I have been hesitant to comment on the Travyon Martin case, but I have mustered up the courage to add my voice to this very sad and agonizing situation. Every time I started to write about it before, I feared that my views may be just too biased. You see, I have a son too and I have not been able to separate my feelings as a mother with my understanding of the law.
While I do not like Florida’s “Stand your Ground Law”, it is the law and I have been pretty fixated on the trial, trying my best to understand the defense’s point of view. So I think I get the law now but what I don’t get is how all of the events that led up to George Zimmerman even needing to “stand his ground” have been ignored.
Travyon Martin was “walking while Black”. In the African American Community we all understand the “driving while Black” phenomena which is the higher likelihood that an African American man will be pulled over by the police, “just because.”
I don’t think that anybody has disputed that Trayvon was minding his own business, alone with his iced tea and Skittles, talking with a friend on his cell phone. Normal teen aged behavior. Trayvon was not being loud, he was not in any way suspicious except that he was Black and that ignited Zimmerman’s sensibilities about young black men…“These (explicative deleted) always get away with it.” These who and get away with what?

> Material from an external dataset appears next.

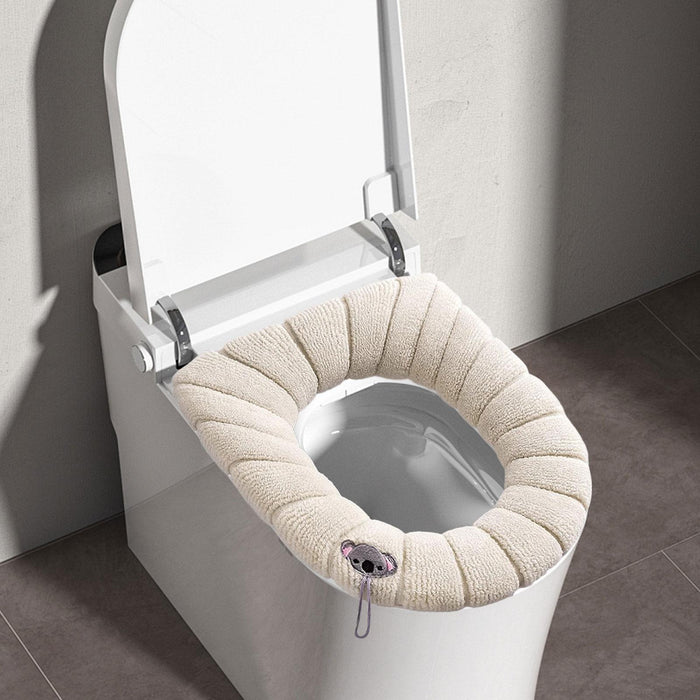 Toilet Seat Cover Comfortable Reusable Seat Cushion for Cafe Hotel Farmhouse Beige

When my son, Joe, was 13 years old, I came home to a police car in my driveway and the first words I heard as I jumped out of the car wondering why in the world the police were at my house, were…”the suspect has been apprehended”. I was flabbergasted to see my young son in the police car with a terrified look on his face. Here is the story. Joe and the other kid had mutually decided that they would “fight” each other after school. (The minds of 13 year olds!) The “fight” lasted all of about a minute because they decided it was not so much fun. The other boy’s father called the police and said that Joe has assaulted his son. The police picked up my son at another neighbor’s house where he was playing basketball. The only way the police could identify him was he was the only black boy. While the situation ended without an arrest, the police told Joe that if he happened again he would “cuff him”. It was truly scary and we always wondered if the father of the other boy would have called the police if Joe was white or if he would have sought us out to resolve the situation without the police.
Joe, who is a Harvard, Duke, Princeton graduate is now an assistant professor of religion at UNC Charlotte. He was his high school class valedictorian, an athlete and a genuinely good person (I know I am biased but I hear this from many others…smile). I give you this background because when Joe was a student at Harvard, he and some of his classmates who also happened to be Black were studying late one night in a commons area on campus. A security guard called police because of what he described as “suspicious” behavior.
I don’t want us to lose the point that Trayvon Martin represents all Black men in America who have to every day of their lives, think about what they can do, where they can go, how they are being perceived. I could tell you of many other situations that my son encountered. I just selected two to make the illustration. As a mother of a young Black man, I too live in constant fear that he will be safe, that somebody might see him as a threat, fear for their lives just because of his very presence and existence.
Regardless of how the “law” decides the Trayvon Martin case, let us use this example to continue to teach each other not to judge by looks, dress, color of one’s skin, age, etc. It is so sad that our inability to get this diversity thing right continues to lead to the loss of innocent lives. I don’t care what the law says, George Zimmerman was wrong. The 911 directive was clear: “We don’t need you to follow him.”
Trayvon Martin is my son’s voice and the voice of all Black sons.